Special session: Richardson proposes education cut

SANTA FE (AP) — Gov. Bill Richardson on Saturday proposed a 1.5 percent cut in education spending as New Mexico lawmakers during a special legislative session decide how to backfill a $650 million hole in this year’s state budget.

The proposal to cut public schools and colleges by at least $40 million was a turnabout for the governor, who had previously said he didn’t want to touch education.

He said the revision reflected the state’s “new budget realities.”

The revenue shortfall is now projected at $650 million. Just weeks ago, it was thought to be $400 million for the fiscal year that began July 1.

“Cuts must include safeguards that classrooms, kids and teachers will not be affected,” Richardson said in a statement.

He did not elaborate, but a spokeswoman in his office said later that administrative costs was one example of possible cuts.

The special legislative session that began Saturday promised to turn into a pitched battle over how to balance this year’s $5.5 billion budget.

“It’s going to be ugly, any way we go … the problem is of such a large magnitude,” said Senate Finance Chairman John Arthur Smith, a Democrat from Deming.

The education community said even a 1.5 percent cut was unacceptable.

Teachers, administrators, parents and school board members packed the Senate and House galleries, and youngsters toting red balloons marched around the Capitol yelling, “Don’t cut education.”

“They absolutely have to listen to this, or their heads are in the sand,” said Christine Trujillo, president of the American Federation of Teachers-New Mexico.

Richardson made it clear in his official proclamation for the session that he doesn’t want lawmakers to consider tax changes, which he said would have little effect on the current budget year.

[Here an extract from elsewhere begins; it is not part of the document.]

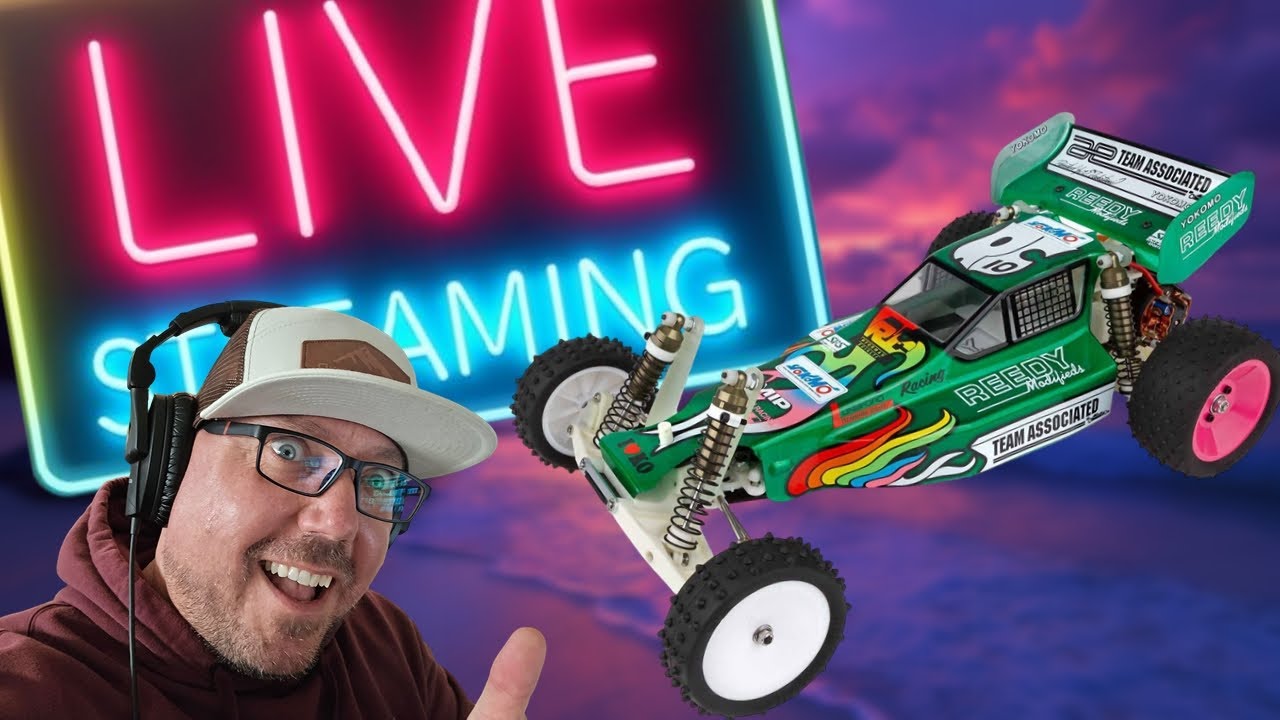 maxresdefault.jpg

That issue can wait until the regular legislative session in January, he said.

Legislative leaders have agreed with that position, but some lawmakers are pushing ahead anyway with tax proposals.

They introduced a flurry of bills that included raising taxes on tobacco and alcohol and hiking income taxes for the state’s wealthiest residents.

A fight was looming over whether the Legislature has the authority to consider tax increases in light of the governor’s edict in the proclamation that legislation to fix the budget problem “shall not include” tax measures.
Some senators who favor tax hikes suggested he had overstepped his authority in telling lawmakers what not to do.

Majority Leader Michael Sanchez, D-Belen, said the Senate was reviewing the limitations set by the governor to determine whether they left the Legislature enough leeway to “carry out its constitutional duty” to address the budget issues.

The proposed 1.5 percent education cut was part of a broader set of proposals from the governor that also included cutting agency spending by 3.5 percent but avoided layoffs and furloughs.

Ava White, a 16-year-old junior at Highland High School in Albuquerque, said she was concerned that cutting school budgets would result in larger classes.

She said students already are crowded together at tables and sharing books.

“It’s really hard to learn when somebody’s breathing down your neck,” she said.